Fuckin' A, Paul Simon - Rock 'n' Roll Literary Devices



Procatalepsis is when the speaker anticipates an objection from some unknown person and responds to it. The narrator suddenly exclaims, "Don’t talk of love." The listener doesn't know who he's talking to, though the song seems an intimate conversation focused on the trials and hard-learned lessons of a nasty love affair, or simply the stressors of life.

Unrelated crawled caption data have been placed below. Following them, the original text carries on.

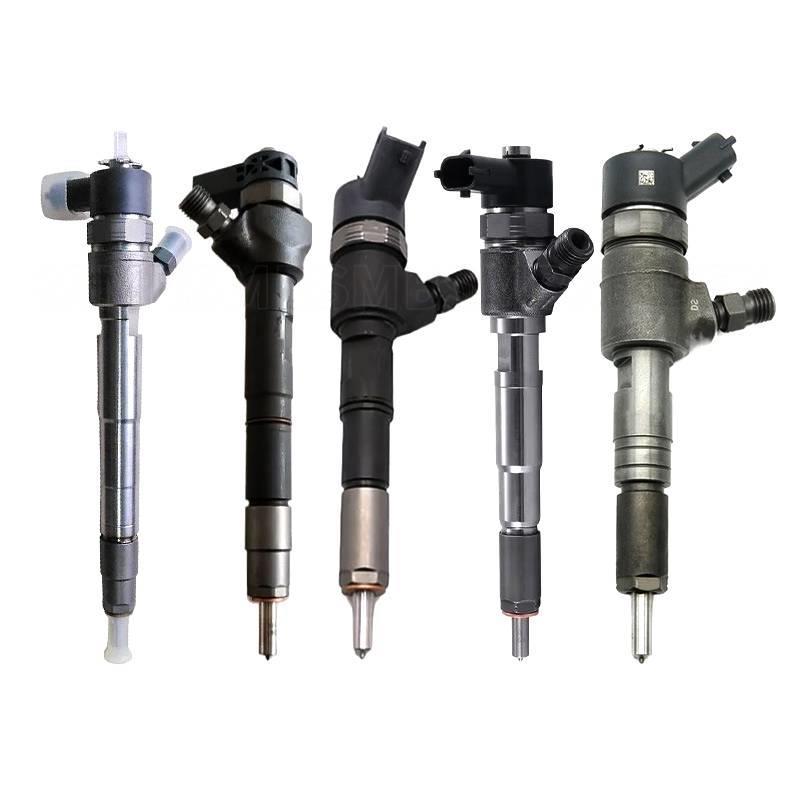 Bosch Common Rail Diesel Engine Fuel Injector0445110260 Kiti naudoti statybos komponentai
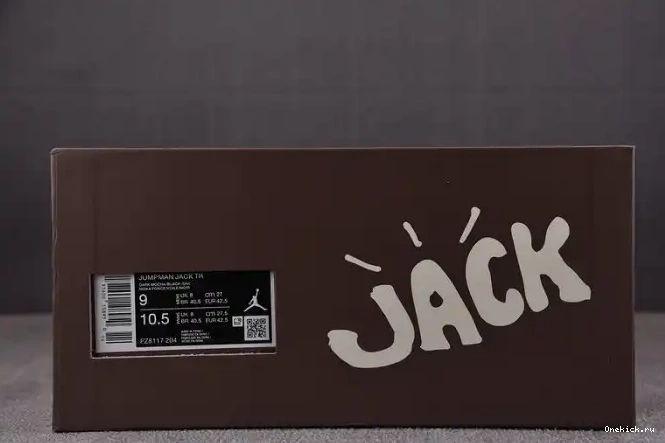 One Kick Scott Jumpman Jack TR x Travis FZ8117-204 Jordan 0526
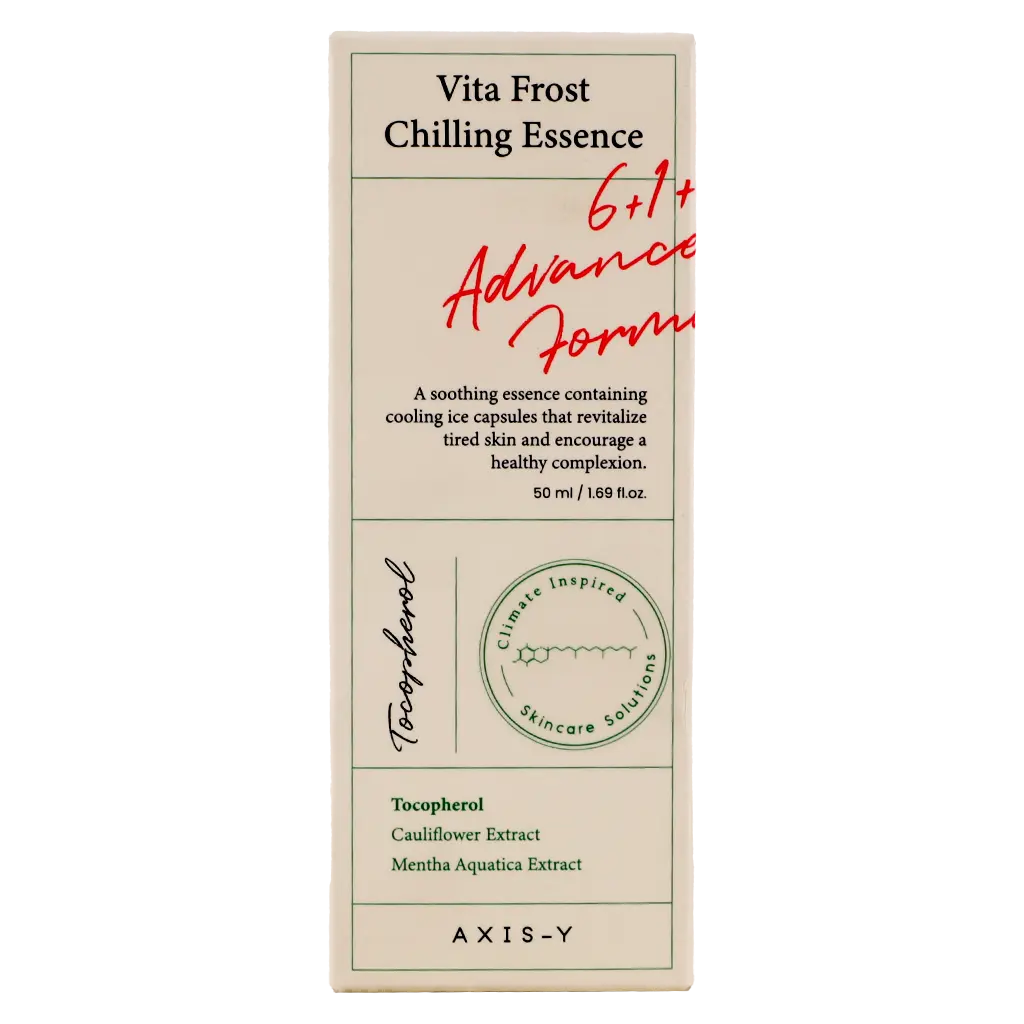 AXIS-Y Vita Frost Chilling Essence 50 ml - view 2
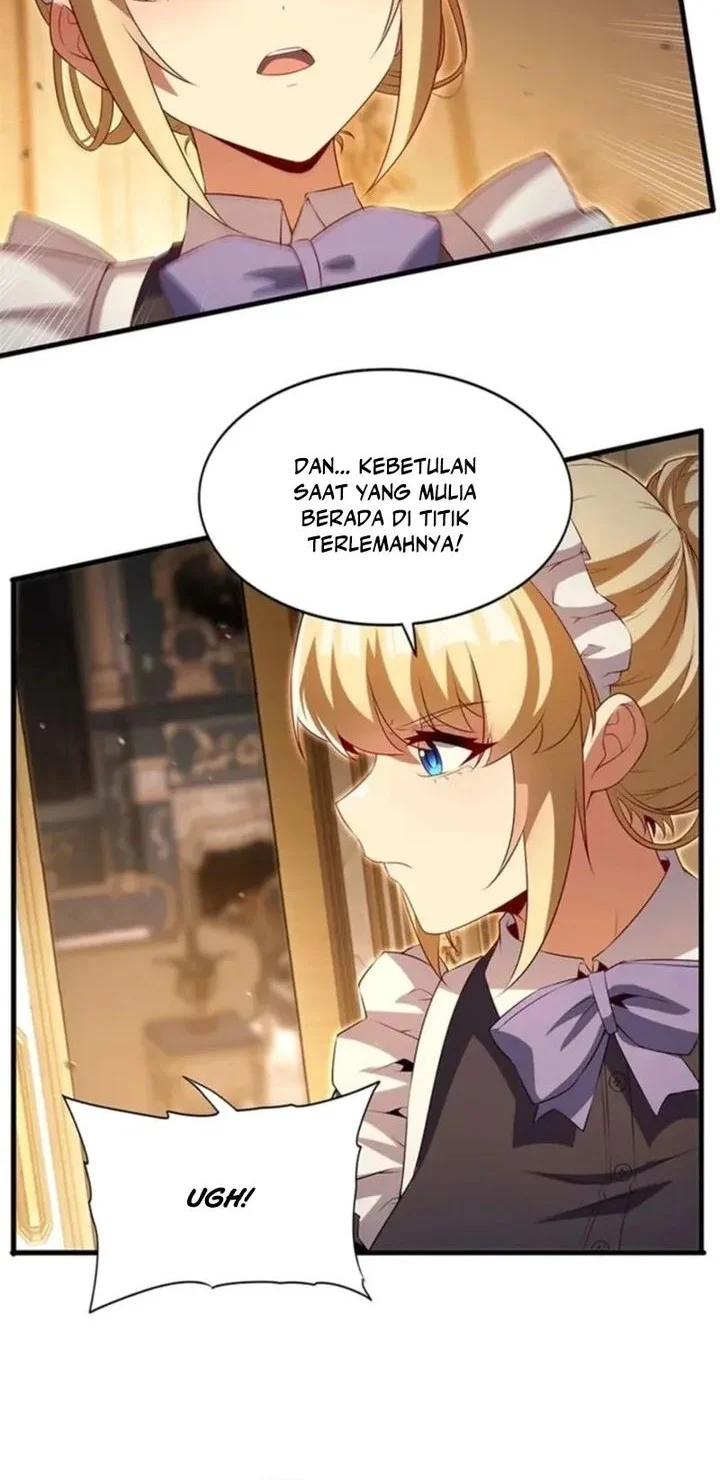 Shut Up, Evil Dragon, I Don’t Want to Raise a Child With You Anymore Chapter 87 - halaman 17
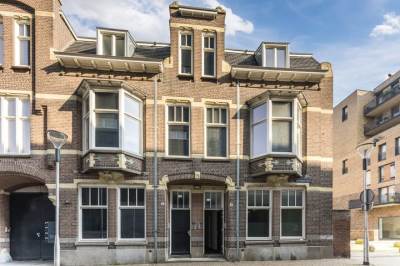 Woning Telegraafstraat 2101 Tilburg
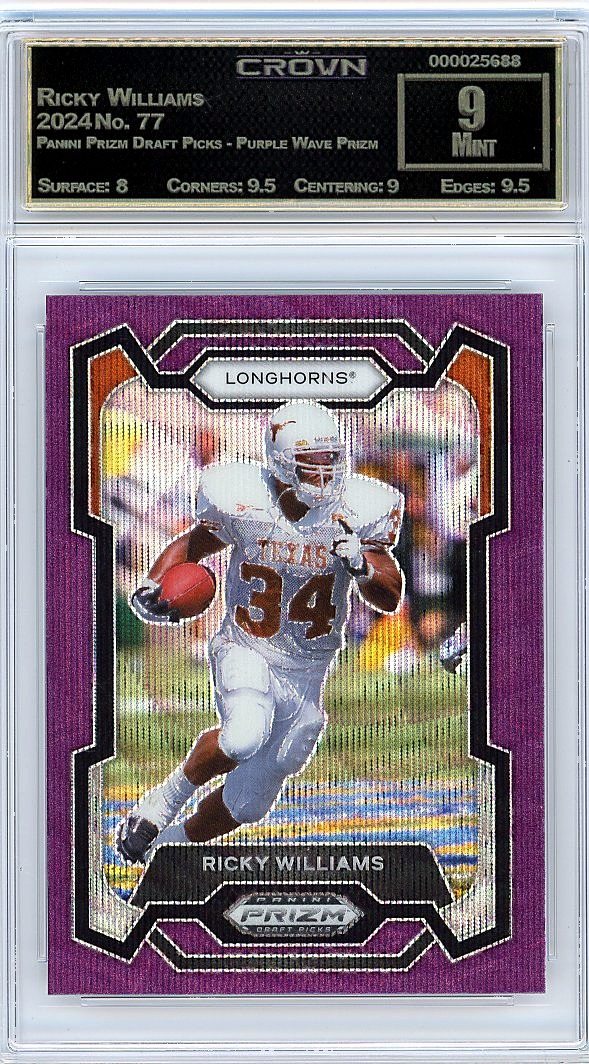Ricky Williams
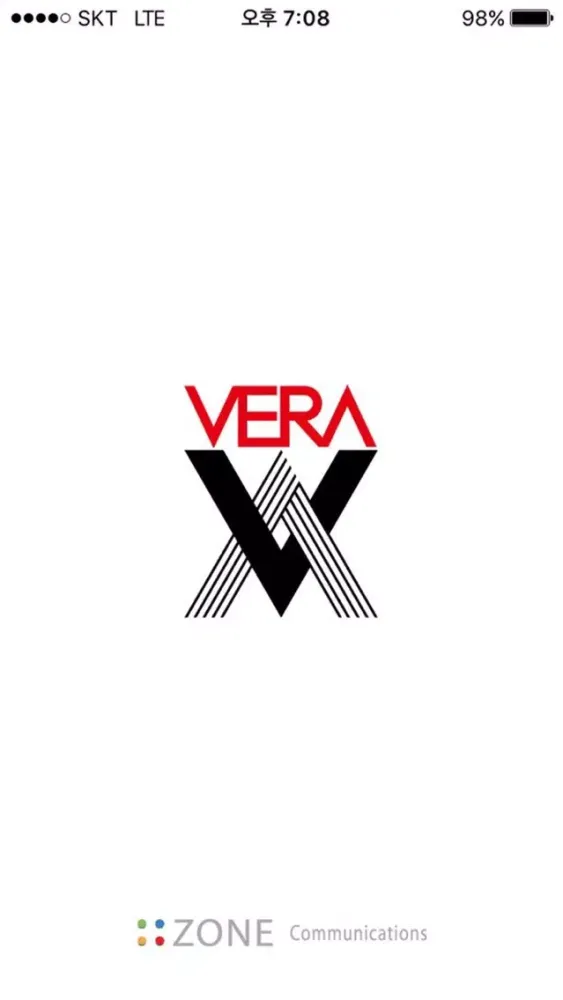 Ảnh chụp màn hình của 클럽베라 CLUB VERA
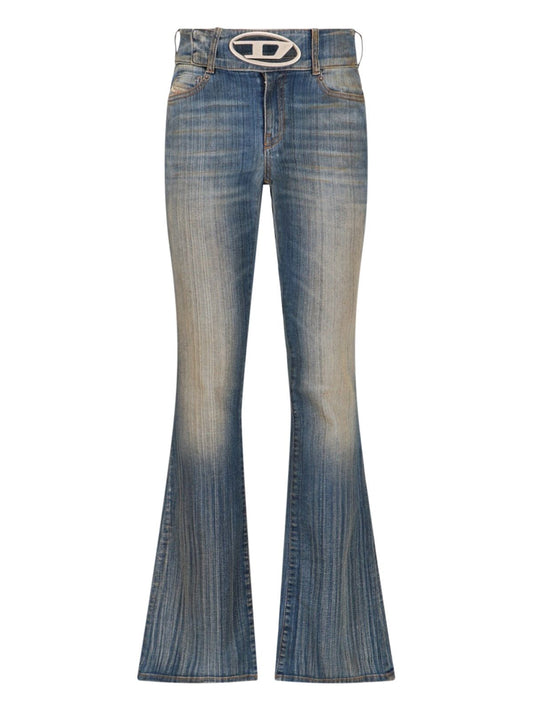 Jeans bootcut "D-Propol-0Cbcx"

And if there's a sure way to convince oneself of anything, it's through repetition. Constantly Simon restates that he is a rock and an island, and always at the end of his stanzas. This literary device is known as epistrophe, where words are repeated at the end of phrases, not unlike the refrain. "I am a rock, I am an island" is also an example of the song's most prominent metaphors. Indeed, the song is dripping with them. In fact, the entire poem is an extended metaphor ornamented with smaller metaphors, like stacking Russian dolls (sorry, that's a simile). Personification, too, runs rampant. Love does not literally sleep, feelings cannot slumber, nor can they die. If books and poetry had actual protective qualities, I'm sure they would be more intimate in the lives of today's youth, and no one would Pokehunting. The concluding couplet states that rocks and islands don't feel pain nor do they cry. Here, Simon attributes human capabilities to inanimate objects. We are to assume that the rock cannot feel pain, but it can experience other emotions and sensations. The island doesn't cry, but is capable of other emotions. That's as complex as personification gets. Fuckin' A, Paul Simon.